▶ [Data to process]
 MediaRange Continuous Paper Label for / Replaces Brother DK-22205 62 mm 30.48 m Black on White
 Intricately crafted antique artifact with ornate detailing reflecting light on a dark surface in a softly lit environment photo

--

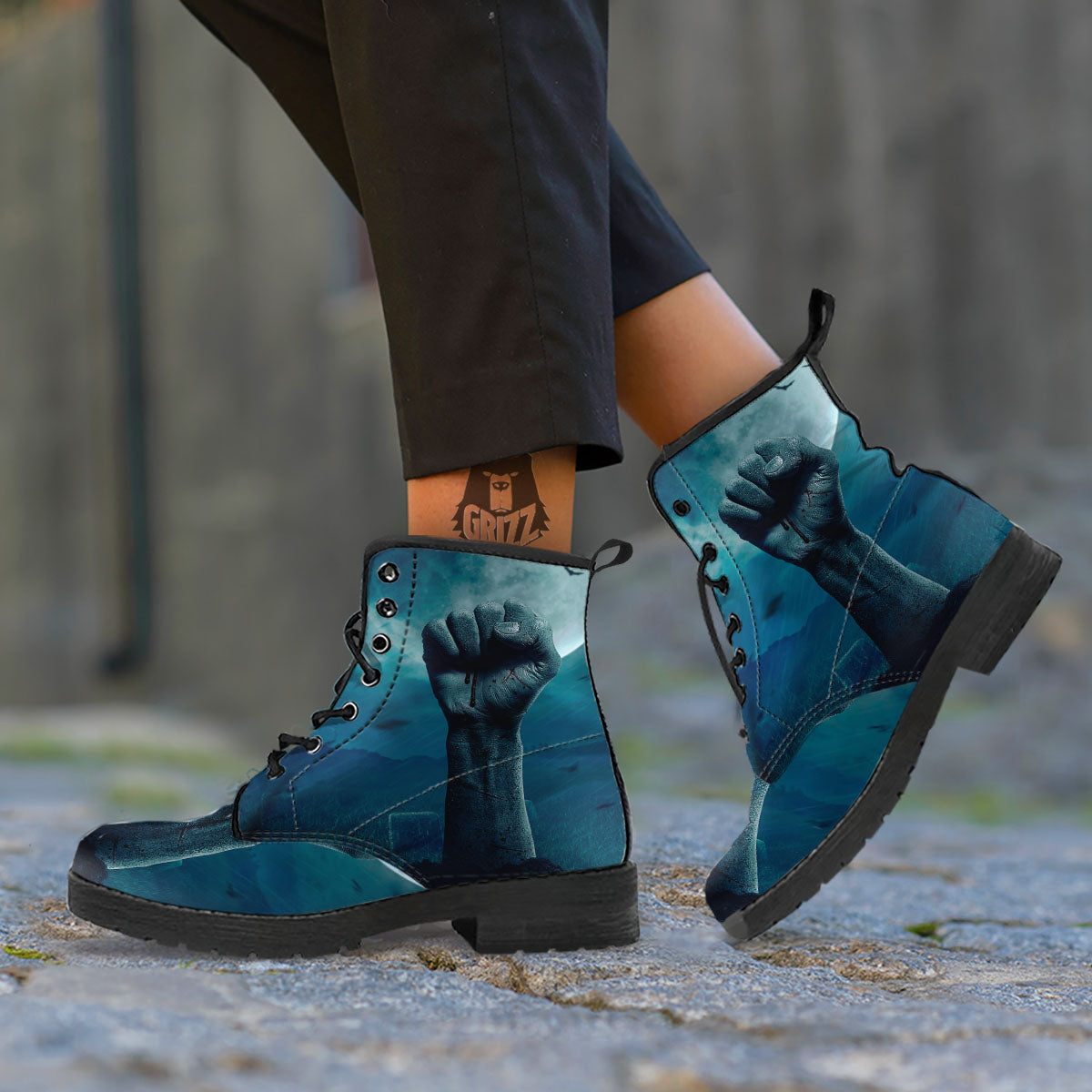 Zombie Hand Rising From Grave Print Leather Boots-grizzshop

▶ [Task statement]
The required answer is the exact run of lines above starting at the line with "MediaRange Continuous Paper" and ending at the line with "Intricately crafted antique", with both ends present.

▶ [The completed task]
 MediaRange Continuous Paper Label for / Replaces Brother DK-22205 62 mm 30.48 m Black on White
 Intricately crafted antique artifact with ornate detailing reflecting light on a dark surface in a softly lit environment photo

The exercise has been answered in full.